Chicken lights said:


> Cookie sheet?



First eat the cookies, yummy!


----------



## Tom O (May 27, 2021)

Brent H said:


> That center support "looks" like it could be off a Standard Modern Utilathe
> View attachment 15037
> 
> Very similar


That looks like it I’ll have to flip it over and check the other side to confirm.


----------



## YYCHM (May 27, 2021)

Brent H said:


> That center support "looks" like it could be off a Standard Modern Utilathe  Very similar



Na, I don't think so......






Not a 9" anyways.


----------



## Brent H (May 27, 2021)

@YYCHM : Ya Craig there is a lot of difference between the 10 and 9 " utilathes.  There are a few "similarities"  to tie the family together but the 10 and 12" utilathes have a few things that changed up.  Here is a pic of the steady rest as advertised for the 10 and 12






That green one I originally posted was a steady rest for a 10" Utilathe for sale in the USA a number of years back when I was trying to find one and failed....sigh...LOL


----------



## Brent H (May 27, 2021)

@YYCHM : you are probably correct though - maybe a south bend ? The casting looks to be different, ah well......


----------



## Hacker (May 29, 2021)

Dusty said:


> Very similar although I've never built a canoe. Used one many times hunting moose in my younger days and no not made of birch bark!

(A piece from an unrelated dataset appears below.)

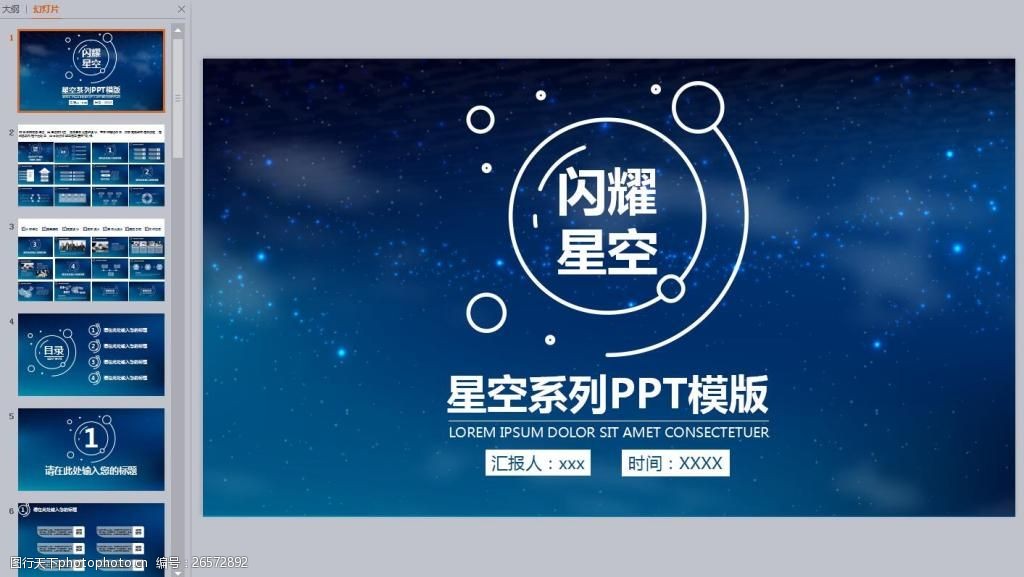 关键词:星空系列ppt模板 闪耀 星空 夜晚 蓝色 清新 ppt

I haven't built one either but have several friends that have built cedar ones and have always been amazed at how far you can bend the wood without breaking it and still maintain strength.


----------



## Susquatch (Jun 15, 2021)

francist said:


> I’ve also used quick and dirty trays or troughs scabbed together from fence boards or whatever wood you have around. Line it with a garbage bag or similar plastic and you’re good to go. No need to get fancy with seams or anything, it only needs to contain the liquid for a day or two, and you can fit the tray to the artifact so as to economize on the solution.
> 
> Jars filled with water, rocks, marbles etc can also be placed in the tank to bulk up the volume so you don’t need as much actual chemical to cover the piece.



Building on your idea, why not skip the trough and the marbles. Just use the plastic bag and then vacuum the air out. The evacuated bag will take up the space and minimize the fluid required. Big or small zip-locks for small parts, garbage bags for large parts. Garbage bags can be sealed with vacuum clamps or skip the vacuum and just bury it in sand or dirt. Lots of both on my farm.


----------



## francist (Jun 15, 2021)

Well I suppose you could do that. What one wants to watch though is that you minimize surface contact between the part and anything else in the solution, including the walls of the container, lest one gets “shadows” from fluid starvation. In worst case scenarios, nasty tide marks can develop at the interface between air and solution if there is anything exposed (or an air pocket). Several attempts have been made using saturated paper towels to cover the part but those (at least all the ones I’ve seen) have not gone as planned and the result is akin to the part being branded with a Bounty-brand waffle maker.

My experience with heavy items in liquid-filled plastic bags usually doesn’t end well, and I like to have good control and see what’s going on inside the vessel to make sure the parts are separated. But there’s only one way to find out — you could start an evaporust farm like they do for forensic analysis on corpses…


----------



## Susquatch (Jun 16, 2021)

francist said:


> Well I suppose you could do that. What one wants to watch though is that you minimize surface contact between the part and anything else in the solution, including the walls of the container, lest one gets “shadows” from fluid starvation. In worst case scenarios, nasty tide marks can develop at the interface between air and solution if there is anything exposed (or an air pocket). Several attempts have been made using saturated paper towels to cover the part but those (at least all the ones I’ve seen) have not gone as planned and the result is akin to the part being branded with a Bounty-brand waffle maker.
> 
> My experience with heavy items in liquid-filled plastic bags usually doesn’t end well, and I like to have good control and see what’s going on inside the vessel to make sure the parts are separated. But there’s only one way to find out — you could start an evaporust farm like they do for forensic analysis on corpses…



I love a good problem. To be clear, I have never used the stuff and don't really know what I'm talking about..... Pun intended...... I chimed in because you guys seemed concerned about coverage and also about using too much fluid. 

That said, this sounds like another big problem that will be easy once solved. So how about adding agitation or circulation? A small battery powered device (in another small liquid proof container)? Circulation/agitation is probably a good idea anyway!

I did make a note about this stuff to get some next time I go to the city. I've never used it, so it's about time I did!


----------